> [Task inputs]:
______
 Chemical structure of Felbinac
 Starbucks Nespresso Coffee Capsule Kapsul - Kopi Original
______
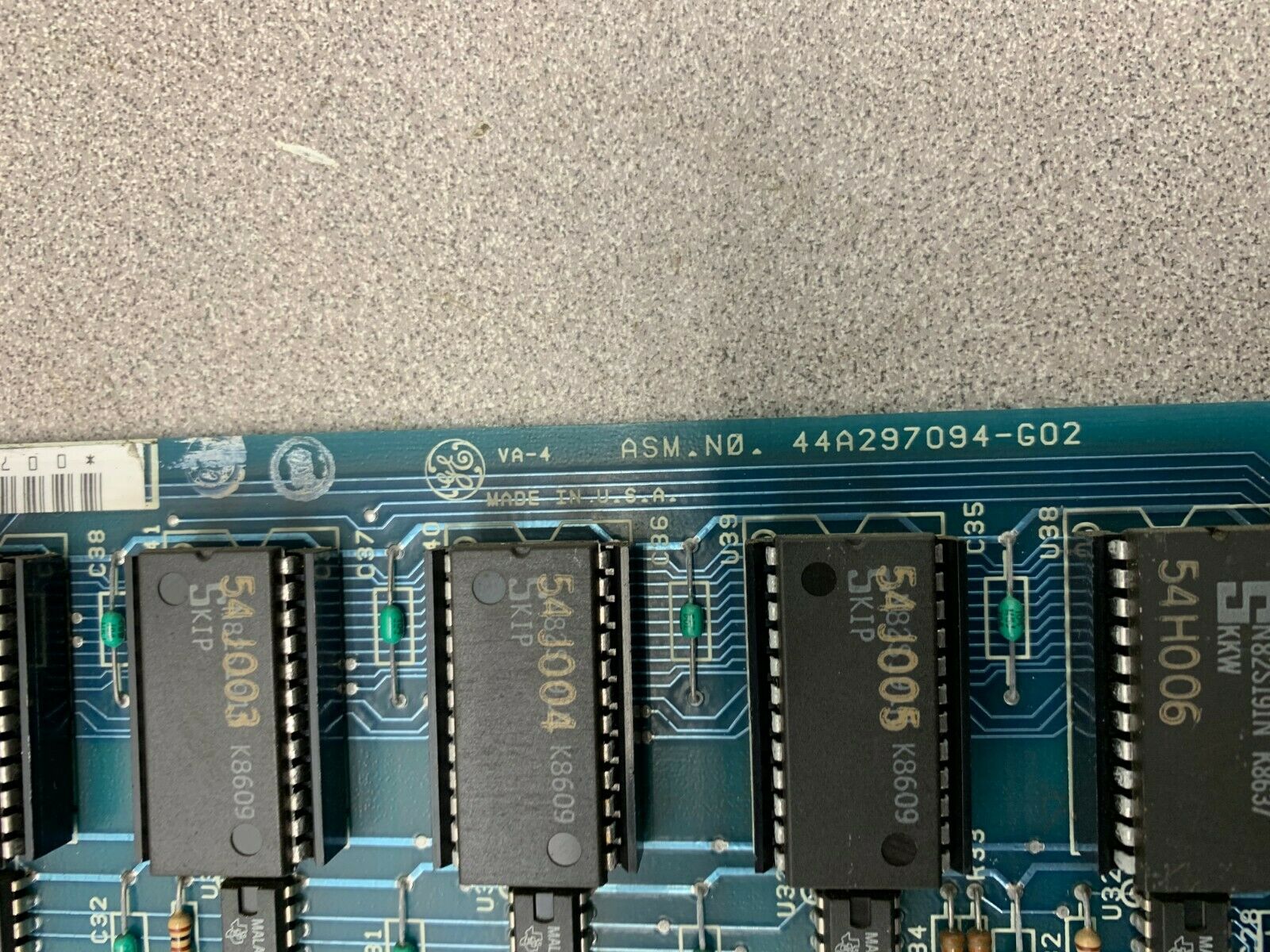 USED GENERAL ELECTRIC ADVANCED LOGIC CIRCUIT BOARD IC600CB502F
______
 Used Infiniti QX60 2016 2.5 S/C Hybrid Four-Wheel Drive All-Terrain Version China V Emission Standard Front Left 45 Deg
______
> [Requirement]: Produce only the lines from the line containing "Chemical structure of Felbinac" through the line containing "Starbucks Nespresso Coffee", inclusive of both, exactly as they stand in the entries above.

> [Task output]:
 Chemical structure of Felbinac
 Starbucks Nespresso Coffee Capsule Kapsul - Kopi Original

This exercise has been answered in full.